CSV files have some pretty annoying disadvantages:

- It is slow to read data from CSV -- this is particularly egregious if your data has timestamp columns in it, or if you have strings.
- They are big. This is part of the reason why they're slow, it simply takes a while to move so much text data from disk into memory.
- They are untyped. In CSV, everything is a string -- it's up to the reading program to decide how to interpret the strings.

Parquet files do much better in all of these aspects, at the cost of not being human-readable text files.

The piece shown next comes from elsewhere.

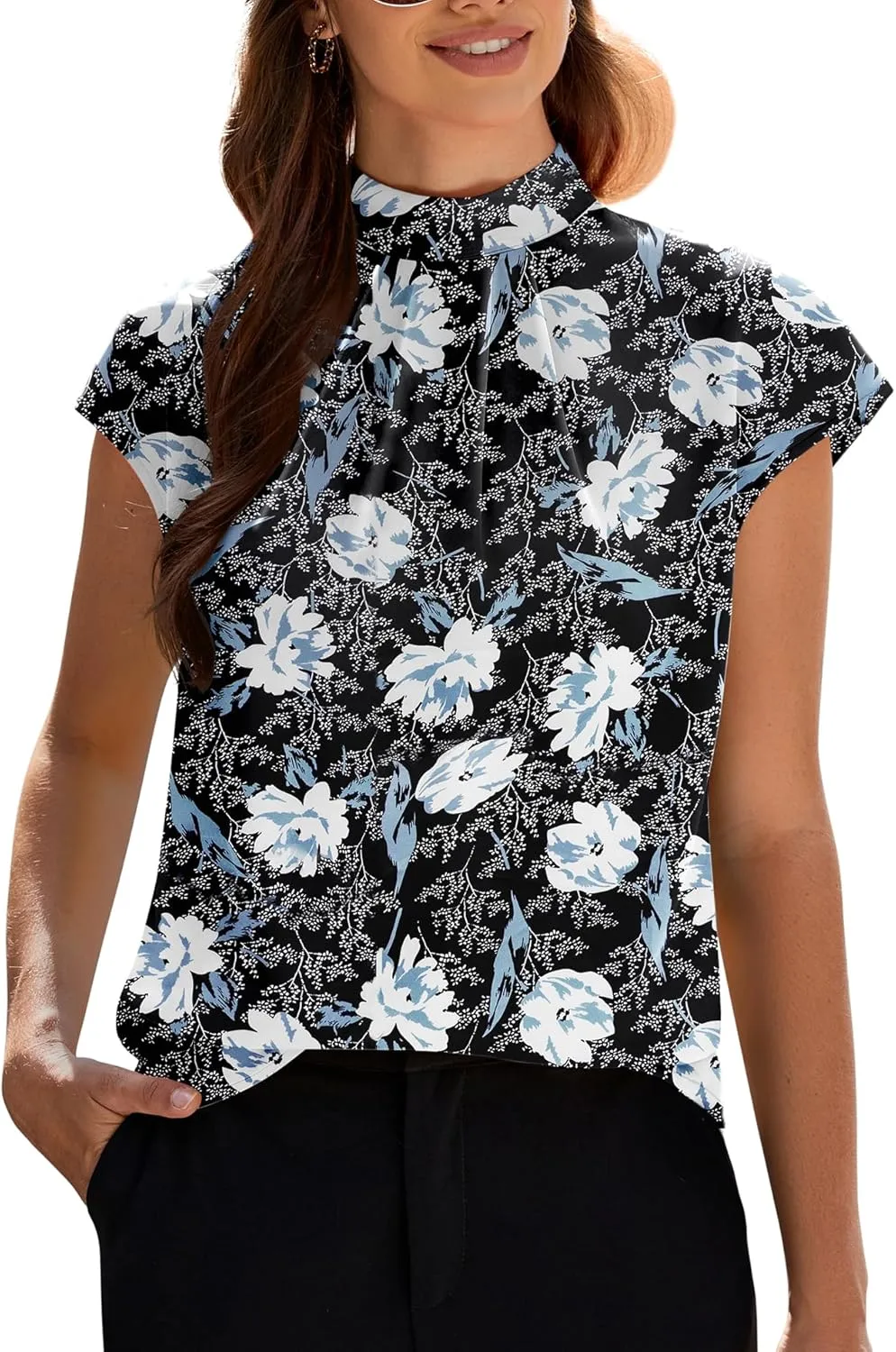 Funlingo Womens Summer Tops Mock Neck Short Cap Sleeve Blouses Business Casual Work Chiffon Shirts Front Pleated Tunic Top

In this case, our `train.pq` is 77MB, vs 548MB for `train.csv` -- even though it contains the same data!

This is a pretty normal compression ratio, in my experience -- when there are low cardinality columns, or repeated values, parquet files use tricks like run-length encoding to achieve compression of ratios between 2-10 compared to CSV.

Let's measure how long it takes to read the parquet files:

In [None]:
import pandas as pd
import lightgbm
import numpy as np
import random
import plotly.express as px
from sklearn.model_selection import train_test_split
from sklearn.preprocessing import LabelEncoder

random.seed(64)
np.random.seed(64)

In [None]:
%time df_test = pd.read_parquet('../input/tpsdec2021parquet/test.pq')
%time df = pd.read_parquet('../input/tpsdec2021parquet/train.pq')

That takes about 1 second on kaggle. Let's compare that with the CSV files:

In [None]:
%time pd.read_csv('../input/tabular-playground-series-dec-2021/test.csv')
%time csv_train = pd.read_csv('../input/tabular-playground-series-dec-2021/train.csv')

At more than 20 seconds, there's really no contest -- especially, because the csv train file has all the wrong datatypes, whereas the parquet file remembers our selection from [the last notebook](https://www.kaggle.com/kaaveland/tps202112-parquet?scriptVersionId=81264309):

In [None]:
df.info()

Use `lightgbm` to estimate feature importances
==

Here's a baseline model I typed up to get some feature importance plots:

In [None]:
label_encoder = LabelEncoder()

X_train, y_train = df.drop(columns=['Id', 'Cover_Type']), label_encoder.fit_transform(df.Cover_Type)
X_train, X_val, y_train, y_val = train_test_split(X_train, y_train, shuffle=True, test_size=.2)
X_test = df_test.drop(columns=['Id'])

In [None]:
%%time

sane_defaults = {
    'objective': 'multiclass',
    'num_class': len(label_encoder.classes_),
    'learning_rate': .025,
    'seed': 64,
    'boosting': 'goss',
    'feature_fraction': .5,
    'force_row_wise': True,
    'metric': ['multi_logloss', 'multi_error'],
    'verbosity': -1,
    'first_metric_only': True,
}

booster = lightgbm.train(
    params=sane_defaults,
    train_set=lightgbm.Dataset(X_train, label=y_train),
    num_boost_round=3000,
    valid_sets=[lightgbm.Dataset(X_val, label=y_val)],
    early_stopping_rounds=50,
    verbose_eval=100,
)

In [None]:
px.bar(
    x=booster.feature_name(),
    y=booster.feature_importance(),
    title='importance_type = "split"'
)

In [None]:
px.bar(
    x=booster.feature_name(),
    y=booster.feature_importance('gain'),
    title='importance_type = "gain"'
)

In [None]:
sub = df_test[['Id']].assign(
    Cover_Type=label_encoder.inverse_transform(booster.predict(X_test).argmax(axis=1))
)

sub.to_csv('submission.csv', index=False)